By Chris Takudzwa Muronzi
HARARE (Reuters) -China’s Zhejiang Huayou Cobalt will start producing lithium sulphate during the first quarter of 2026 from its new $400 million plant in Zimbabwe, the company said on Thursday, as the African country pushes for more local processing.
The newly completed plant at Huayou’s wholly owned Prospect Lithium Zimbabwe’s Arcadia mine has capacity to exceed 50,000 metric tons of lithium sulphate annually, an executive said during a tour of the operation.
Lithium sulphate is an intermediate product which can be refined into a battery-grade material such as lithium hydroxide or lithium carbonate used in battery manufacturing.
“We will start the first production from the beginning of next year,” Prospect Lithium Zimbabwe general manager Henry Zhu told reporters.
“The quantity of the lithium sulphate should be more than 60,000 metric tons, but it will depend on the configuration of the plant, because it is brand new,” Zhu added.
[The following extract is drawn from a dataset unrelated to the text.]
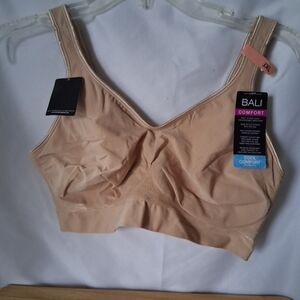 Bali Comfort Women's Bra in Cream Brand New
Zimbabwe, Africa’s top lithium producer, has been nudging miners to process the mineral in the country in order to help lift its economy.
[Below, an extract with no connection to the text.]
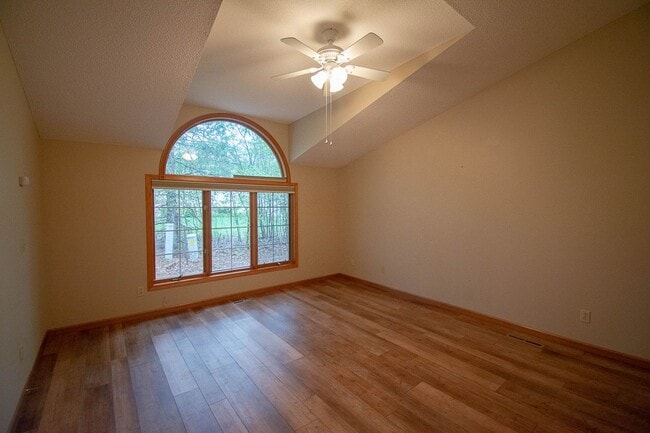 Building Photo - Bright Townhome with Fireplace & Nature Views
Huayou, which acquired Arcadia lithium mine for $422 million in 2022, commissioned a $300 million lithium concentrator in 2023.
The company and other Chinese metals firms Sinomine, Chengxin Lithium Group, Yahua Group, and Tsingshan Holding dominate Zimbabwe’s lithium mining, producing concentrates and shipping them to their home country.
Huayou exported 400,000 tons of lithium concentrate from Zimbabwe in 2024.
The southern African country will ban the export of lithium concentrates from 2027 as it pushes for more local processing.
Sinomine has also announced plans to build a $500 million lithium sulphate plant at its Bikita mine in Zimbabwe.